The NCAA leadership and the State and Federal Legislation Working Group, which was created to help determine the association's response to legislation allowing athletes to receive payment for the use of their name, image and likeness, or NIL, released a report earlier this month to guide the three NCAA divisions' rule making on NIL benefits. The guidelines outlined in the report say any pay related solely to athletic performance will not be permissible, but compensation for other activity such as social media promotions or endorsements of a product or service will be allowed. Athletes may also operate their own businesses using their NIL.
Athletes participating in activities for which they will be paid can identify themselves as members of a specific college sports team under the guidelines, but they will not be able to use trademarked logos and other university intellectual property, Val Ackerman, commissioner of the Big East Conference and co-chair of the working group, said during a conference call with media Wednesday.
“We thought there would be no reason for them not to make known their position at a specific school, but we saw a line with the trademark,” Ackerman said. “We are not eager to make the school complicit in those arrangements, and we believe bringing in intellectual property would contribute to that slippery slope into ‘pay for play.’”

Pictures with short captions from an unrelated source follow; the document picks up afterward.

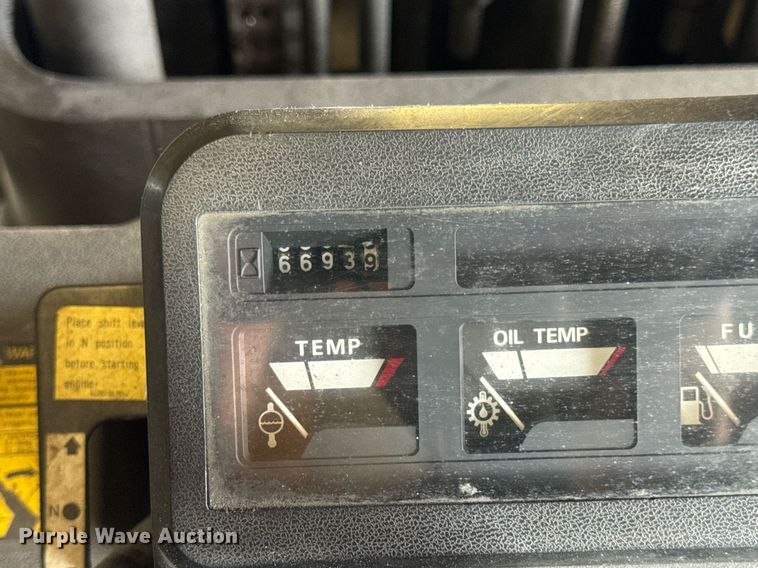 image for item DV4211 1996 Caterpillar GC30 forklift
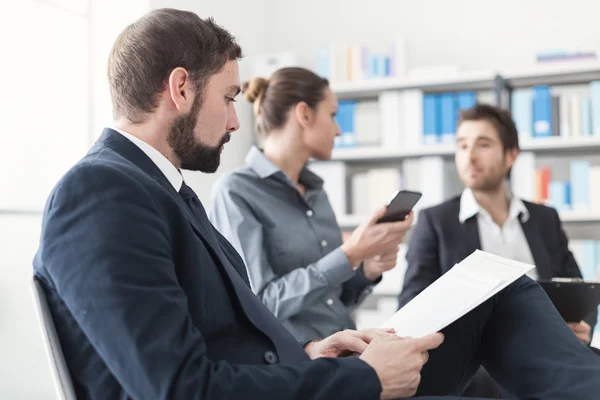 Zakenmensen hebben een vergadering — Stockfoto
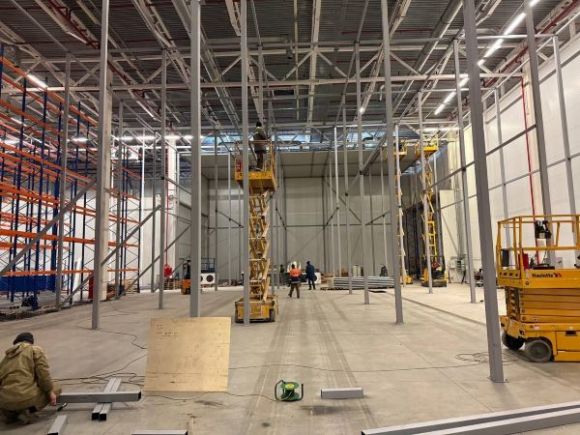 Ремонт пола после демонтажа стеллажей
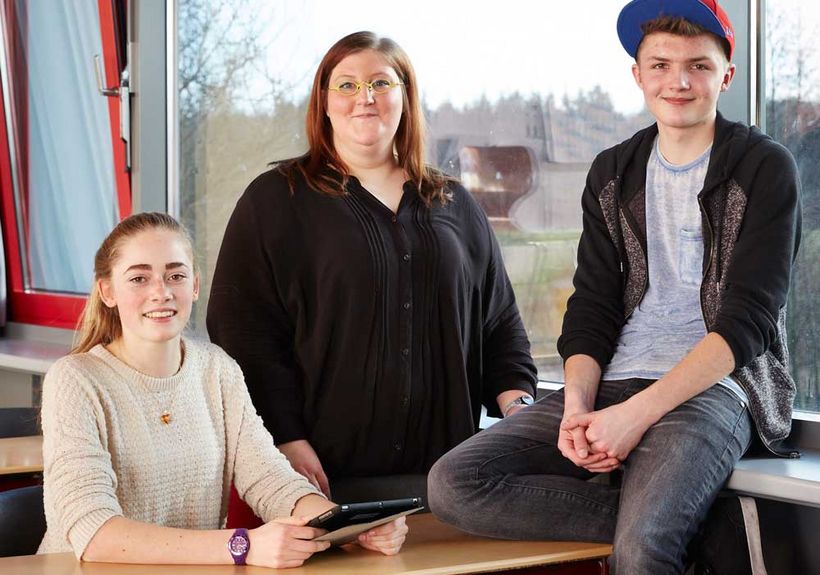 Catharina Frehoff mit ihren MedienScouts Hanna und Gordon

Any subsequent NIL legislation, which the NCAA’s three divisions have now been tasked with recommending by the end of October, must also bar universities from arranging any deals between companies and athletes, the working group report said. But it is possible that universities could have some say over the products and services their athletes endorse, if they conflict with an institution’s values, Ackerman said. The working group does anticipate some associationwide limitations in forthcoming division rules on the kinds of products athletes are allowed to promote. For example, athletes can expect to be barred from endorsing banned substances, such as narcotics and growth hormones, and sports betting, Ackerman said.
“The source of most concern” during the working group’s deliberation and in feedback from institutions and athletes was the role of university boosters, who support and promote athletic departments and are often notable donors or season and box-seat ticket holders, Ackerman said. Boosters are permitted to establish relationships with families of prospective athletes, but working group members worried that boosters could use third-party endorsement opportunities as a “recruiting inducement or a means of paying for athletics participation,” the report said.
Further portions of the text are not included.